This is the story of my life so far: 68 years and counting.
Prequel: A Brief History of my Family in France
During the 3 years I was in Halifax, in 1979-1982, I was in a Canadian Forces establishment, probably in the Canadian Forces Naval Engineering School, in the Electrical Division.
During the first year, I was a teaching "digital techniques" to Canadian sailors
Teaching "digital techniques" to Canadian sailors
Digital techniques included Boolean algebra and logic gates.
For the first two months, I sat on the back of the classroom, following two courses of digital techniques, taught by a civilian instructor, so that I could learn what I was going to teach.
Then, I started to teach the course myself.
I had not had much experience teaching before. I had only done alphabetization for immigrants, mostly from North Africa, in France for a few month, volunteering at our church in Saint-Ouen.
However, I realized that I could teach effectively.
One of my pet peeve was spelling. Each time one of my students was making a spelling error when he was writing on the blackboard, I would ask him to correct it. Sometimes they would ask if it was a class of digital techniques or a spelling class!
However, after several months of teaching multiple times the same material, it began to be quite boring.
So, after a year of teaching, I was moved to a new entity to develop Computer-Assisted Instruction (CAI) courses.

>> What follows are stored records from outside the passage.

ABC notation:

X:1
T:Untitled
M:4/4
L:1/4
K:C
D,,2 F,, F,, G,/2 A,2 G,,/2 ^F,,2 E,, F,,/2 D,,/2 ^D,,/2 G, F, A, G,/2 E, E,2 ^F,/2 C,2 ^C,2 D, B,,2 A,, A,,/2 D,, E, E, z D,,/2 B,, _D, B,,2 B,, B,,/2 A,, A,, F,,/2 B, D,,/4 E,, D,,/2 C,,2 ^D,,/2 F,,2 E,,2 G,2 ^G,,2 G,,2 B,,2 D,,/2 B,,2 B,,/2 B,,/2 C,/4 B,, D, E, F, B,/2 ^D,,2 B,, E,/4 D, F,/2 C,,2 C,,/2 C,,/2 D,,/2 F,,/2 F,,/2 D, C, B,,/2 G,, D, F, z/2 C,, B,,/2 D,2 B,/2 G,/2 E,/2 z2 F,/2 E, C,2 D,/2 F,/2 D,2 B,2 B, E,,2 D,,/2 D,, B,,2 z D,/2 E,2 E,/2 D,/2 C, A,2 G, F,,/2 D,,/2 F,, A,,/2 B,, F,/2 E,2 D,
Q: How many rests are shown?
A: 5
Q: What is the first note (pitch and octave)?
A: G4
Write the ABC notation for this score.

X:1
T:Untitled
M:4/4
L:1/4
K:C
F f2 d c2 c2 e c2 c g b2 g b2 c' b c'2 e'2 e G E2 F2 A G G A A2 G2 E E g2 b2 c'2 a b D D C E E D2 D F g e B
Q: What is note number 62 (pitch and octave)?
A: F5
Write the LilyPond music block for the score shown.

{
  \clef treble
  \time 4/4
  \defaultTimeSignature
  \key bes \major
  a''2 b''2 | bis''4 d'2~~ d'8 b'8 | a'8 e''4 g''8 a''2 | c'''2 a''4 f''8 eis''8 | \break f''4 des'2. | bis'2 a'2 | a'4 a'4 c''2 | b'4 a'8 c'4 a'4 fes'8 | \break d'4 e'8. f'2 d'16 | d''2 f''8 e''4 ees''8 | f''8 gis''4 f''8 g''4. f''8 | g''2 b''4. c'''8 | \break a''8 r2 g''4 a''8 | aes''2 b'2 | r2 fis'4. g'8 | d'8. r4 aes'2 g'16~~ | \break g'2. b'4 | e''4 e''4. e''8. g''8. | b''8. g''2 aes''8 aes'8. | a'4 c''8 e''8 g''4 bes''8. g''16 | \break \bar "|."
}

Developing Computer-Assisted Instruction courses
We were two officers in the new CAI lab: Don, a Canadian lieutenant-commander and myself.
Don was a reserved officer, who had just started working full time for the Canadian Forces, specifically to start this CAL lab. He was an expert in Computer-Assisted Instruction.
We were using a specialized CAI programming language, CAN8, that was the 8th version of the CAN languages. Initially, I thought that, as these languages had been invented in Canada, that explained why they were called CAN. I learned later that in fact CAN was standing for "Completely Arbitrary Name"!
We were also using sometimes the legendary text editor and macro programming language TECO, that, according to Wikipedia is a direct ancestor of Emacs, which was originally implemented in TECO macros.
At the Electrical Division, I had met a francophone Canadian officer, Ron, who was working in a hardware lab.
In his lab, Ron had an IMSAI 8080 microcomputer, that was his personal property.
Every day, during lunch hour, I would go to Ron lab and we would play with his microcomputer.
This was my practical introduction to personal computers. Until then, I had only dreamed of owning such a piece of equipment.
Ron introduced me to one of his acquaintances, a guy who was literally building microcomputers in his garage. So, I decided to buy one of those computers in September 1980.